Problem description -
What are the lines from the top of the entries below through the line containing "Funny Baby with The Dog"? Return them exactly, both ends included, without the pictures.

[Opening Data supplied section]

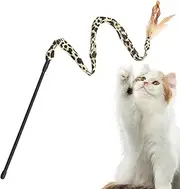 Cat Teaser Toy Wand, Cat Teasers Teasing Wand Pet Catcher Stick With Feather, Leopard Print Cat Feather Toy Kitten Teaser Wand Cat Wand Toys for Indoor Cats Cats Kittens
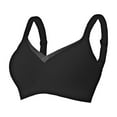 thumbnail image 3 of VISALY Wireless Bras Push Up Braseamless Bra Soft Bra Underwear Thin Breathable Bralettes Lace Bras Full Coverage Bras Lounge Bras for Women Lounge Bras Comfortable Bras Everyday Bras Black L, 3 of 4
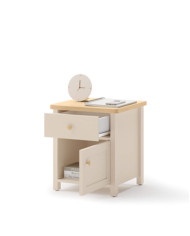 Stolik nocny Story SO-07, drzwi, szuflada, Beż piaskowy/ Dąb vincenza bielona, LENART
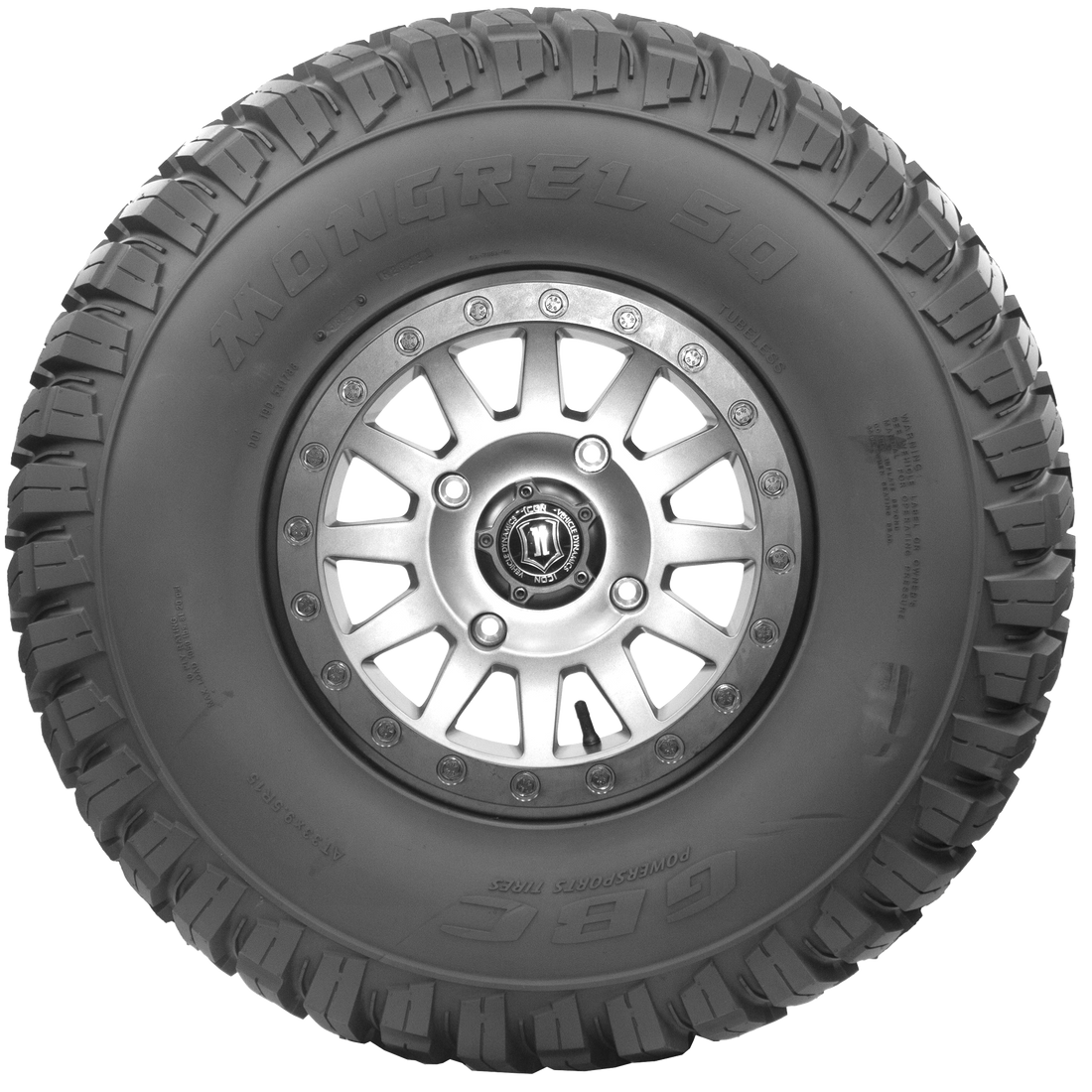 Sideview of Mongrel SQ ATV/UTV tire, displaying the innovative square lugs that extend across the tread and down to the sidewall. The lugs provide significant speed and braking power, even for today's faster machines. The image also shows a generous rim guard for optimal protection against damage.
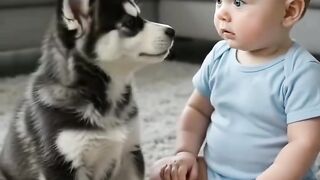 Funny Baby with The Dog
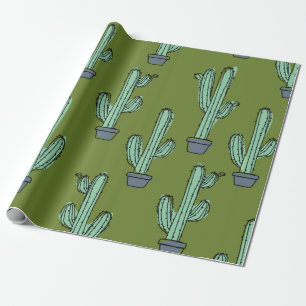 Papel De Presente Padrão de cacto desenhado à mão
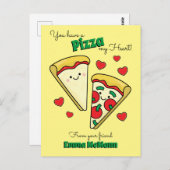 Pizza Cute Kinder Valentijnsdag Kawaii Briefkaart (Voorkant / Achterkant)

[Closing Data supplied section]

Reply -
 Cat Teaser Toy Wand, Cat Teasers Teasing Wand Pet Catcher Stick With Feather, Leopard Print Cat Feather Toy Kitten Teaser Wand Cat Wand Toys for Indoor Cats Cats Kittens
 thumbnail image 3 of VISALY Wireless Bras Push Up Braseamless Bra Soft Bra Underwear Thin Breathable Bralettes Lace Bras Full Coverage Bras Lounge Bras for Women Lounge Bras Comfortable Bras Everyday Bras Black L, 3 of 4
 Stolik nocny Story SO-07, drzwi, szuflada, Beż piaskowy/ Dąb vincenza bielona, LENART
 Sideview of Mongrel SQ ATV/UTV tire, displaying the innovative square lugs that extend across the tread and down to the sidewall. The lugs provide significant speed and braking power, even for today's faster machines. The image also shows a generous rim guard for optimal protection against damage.
 Funny Baby with The Dog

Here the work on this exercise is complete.